Third step: Creating an empty QMainWindow

import sys
import argparse
import pandas as pd

from PySide2.QtCore import (QAbstractTableModel, QDateTime, QModelIndex,
                            QRect, Qt, QTimeZone, Slot)
from PySide2.QtGui import QColor, QPainter
from PySide2.QtWidgets import (QAction, QApplication, QHBoxLayout, QHeaderView,
                               QMainWindow, QSizePolicy, QTableView, QWidget)
from PySide2.QtCharts import QtCharts


def transform_date(utc, timezone=None):
    # ...

def read_data(fname):
    # ...


class MainWindow(QMainWindow):
    def __init__(self):
        QMainWindow.__init__(self)
        self.setWindowTitle("Eartquakes information")

        # Menu
        self.menu = self.menuBar()
        self.file_menu = self.menu.addMenu("File")

        ## Exit QAction
        exit_action = QAction("Exit", self)
        exit_action.setShortcut("Ctrl+Q")
        exit_action.triggered.connect(self.exit_app)
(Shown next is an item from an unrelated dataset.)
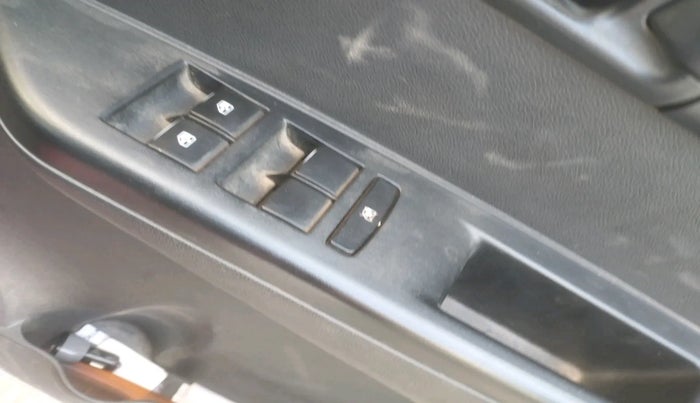 2017 Mahindra Kuv100 K8 D 6 STR, Diesel, Manual, 81,487 km, interior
        self.file_menu.addAction(exit_action)

        # Status Bar
        self.status = self.statusBar()
        self.status.showMessage("Data loaded and plotted")

        # Window dimensions
        geometry = app.desktop().availableGeometry(self)
        self.setFixedSize(geometry.width() * 0.8, geometry.height() * 0.7)

    @Slot()
    def exit_app(self, checked):
        sys.exit()


if __name__ == "__main__":
    options = argparse.ArgumentParser()
    options.add_argument("-f", "--file", type=str, required=True)
    args = options.parse_args()
    data = read_data(args.file)

    # Qt Application
    app = QApplication(sys.argv)

    window = MainWindow()
    window.show()

    sys.exit(app.exec_())

Fourth step: Adding a QTableView to display the data

import sys
import argparse
import pandas as pd

from PySide2.QtCore import (QAbstractTableModel, QDateTime, QModelIndex,
                            Qt, QTimeZone, Slot)
from PySide2.QtGui import QColor
from PySide2.QtWidgets import (QAction, QApplication, QHBoxLayout, QHeaderView,
                               QMainWindow, QSizePolicy, QTableView, QWidget)
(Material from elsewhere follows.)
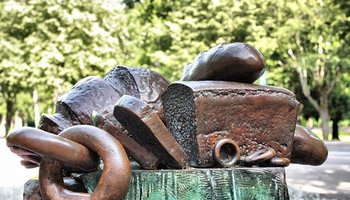 7 необычных памятников Ленинградской области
class CustomTableModel(QAbstractTableModel):
    def __init__(self, data=None):
        QAbstractTableModel.__init__(self)
        self.load_data(data)

    def load_data(self, data):
        self.input_dates = data[0].values
        self.input_magnitudes = data[1].values

        self.column_count = 2
        self.row_count = len(self.input_magnitudes)
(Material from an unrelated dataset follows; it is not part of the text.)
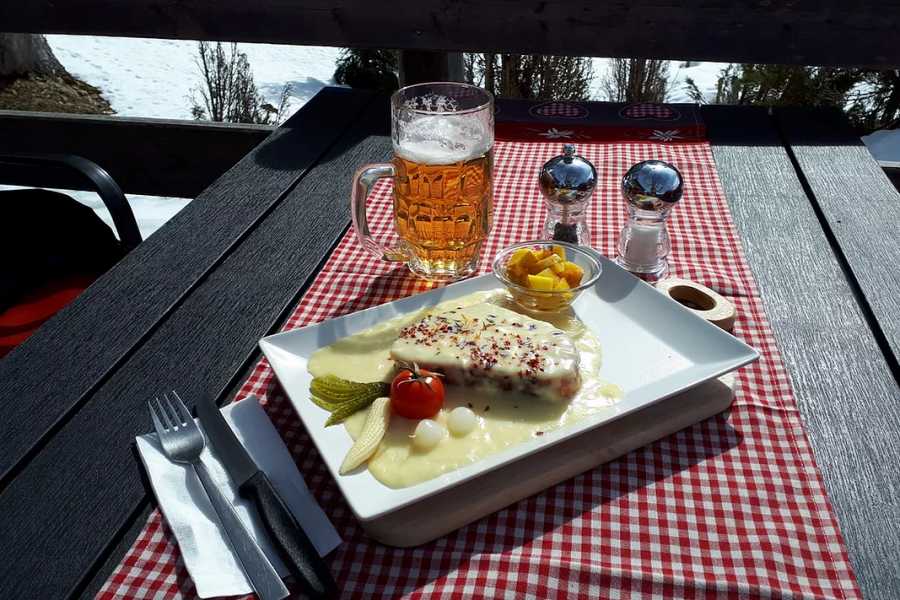 Outdoor Switzerland AG Snowshoe Tour: Wetterhorn Grindelwald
    def rowCount(self, parent=QModelIndex()):
        return self.row_count

    def columnCount(self, parent=QModelIndex()):
        return self.column_count

    def headerData(self, section, orientation, role):
        if role != Qt.DisplayRole:
            return None
        if orientation == Qt.Horizontal:
            return ("Date", "Magnitude")[section]
        else:
            return "{}".format(section)

    def data(self, index, role = Qt.DisplayRole):
        column = index.column()
        row = index.row()

        if role == Qt.DisplayRole:
            if column == 0:
                raw_date = self.input_dates[row]
                date = "{}".format(raw_date.toPython())
                return date[:-3]
            elif column == 1:
                return "{:.2f}".format(self.input_magnitudes[row])
        elif role == Qt.BackgroundRole:
            return QColor(Qt.white)
        elif role == Qt.TextAlignmentRole:
            return Qt.AlignRight

        return None

class Widget(QWidget):
    def __init__(self, data):
        QWidget.__init__(self)

        # Getting the Model
        self.model = CustomTableModel(data)

        # Creating a QTableView
        self.table_view = QTableView()
        self.table_view.setModel(self.model)

        # QTableView Headers
        self.horizontal_header = self.table_view.horizontalHeader()
        self.vertical_header = self.table_view.verticalHeader()
        self.horizontal_header.setSectionResizeMode(QHeaderView.ResizeToContents)
        self.vertical_header.setSectionResizeMode(QHeaderView.ResizeToContents)
        self.horizontal_header.setStretchLastSection(True)

        # QWidget Layout
        self.main_layout = QHBoxLayout()
        size = QSizePolicy(QSizePolicy.Preferred, QSizePolicy.Preferred)

        ## Left layout
        size.setHorizontalStretch(1)
        self.table_view.setSizePolicy(size)
        self.main_layout.addWidget(self.table_view)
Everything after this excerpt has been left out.